What this task involves: Every line of the following records that includes "White" should be copied.

Material shown:
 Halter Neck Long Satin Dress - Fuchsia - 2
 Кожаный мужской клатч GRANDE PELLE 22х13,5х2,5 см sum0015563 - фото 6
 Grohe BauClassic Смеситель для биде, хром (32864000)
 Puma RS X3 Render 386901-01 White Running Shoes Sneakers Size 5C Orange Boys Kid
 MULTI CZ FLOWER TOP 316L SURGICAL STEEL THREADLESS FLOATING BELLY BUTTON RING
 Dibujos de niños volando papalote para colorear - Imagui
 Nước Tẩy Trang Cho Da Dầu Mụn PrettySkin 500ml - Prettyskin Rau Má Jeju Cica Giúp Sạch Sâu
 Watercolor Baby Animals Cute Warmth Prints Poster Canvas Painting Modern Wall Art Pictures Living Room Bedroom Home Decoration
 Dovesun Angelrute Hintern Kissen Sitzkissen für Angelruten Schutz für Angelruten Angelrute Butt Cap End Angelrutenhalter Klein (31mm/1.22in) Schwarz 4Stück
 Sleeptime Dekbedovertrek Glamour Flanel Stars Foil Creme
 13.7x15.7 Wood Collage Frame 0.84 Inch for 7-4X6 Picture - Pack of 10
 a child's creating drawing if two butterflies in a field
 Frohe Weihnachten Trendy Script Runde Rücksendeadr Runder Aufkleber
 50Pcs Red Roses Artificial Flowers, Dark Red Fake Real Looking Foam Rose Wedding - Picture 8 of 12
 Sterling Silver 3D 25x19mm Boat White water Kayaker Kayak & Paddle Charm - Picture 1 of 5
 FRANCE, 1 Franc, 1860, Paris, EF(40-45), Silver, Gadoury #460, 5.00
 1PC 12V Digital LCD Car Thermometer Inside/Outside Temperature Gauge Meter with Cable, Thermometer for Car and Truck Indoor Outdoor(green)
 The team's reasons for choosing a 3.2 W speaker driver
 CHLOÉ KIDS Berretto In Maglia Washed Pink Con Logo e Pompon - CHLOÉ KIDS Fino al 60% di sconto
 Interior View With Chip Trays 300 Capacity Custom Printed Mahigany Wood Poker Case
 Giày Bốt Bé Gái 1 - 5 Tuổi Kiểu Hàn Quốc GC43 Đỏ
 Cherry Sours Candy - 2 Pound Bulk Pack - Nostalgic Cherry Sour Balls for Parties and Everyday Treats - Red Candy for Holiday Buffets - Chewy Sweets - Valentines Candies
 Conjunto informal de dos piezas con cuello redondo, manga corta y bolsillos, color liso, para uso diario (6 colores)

The answer:
 Puma RS X3 Render 386901-01 White Running Shoes Sneakers Size 5C Orange Boys Kid
 Sterling Silver 3D 25x19mm Boat White water Kayaker Kayak & Paddle Charm - Picture 1 of 5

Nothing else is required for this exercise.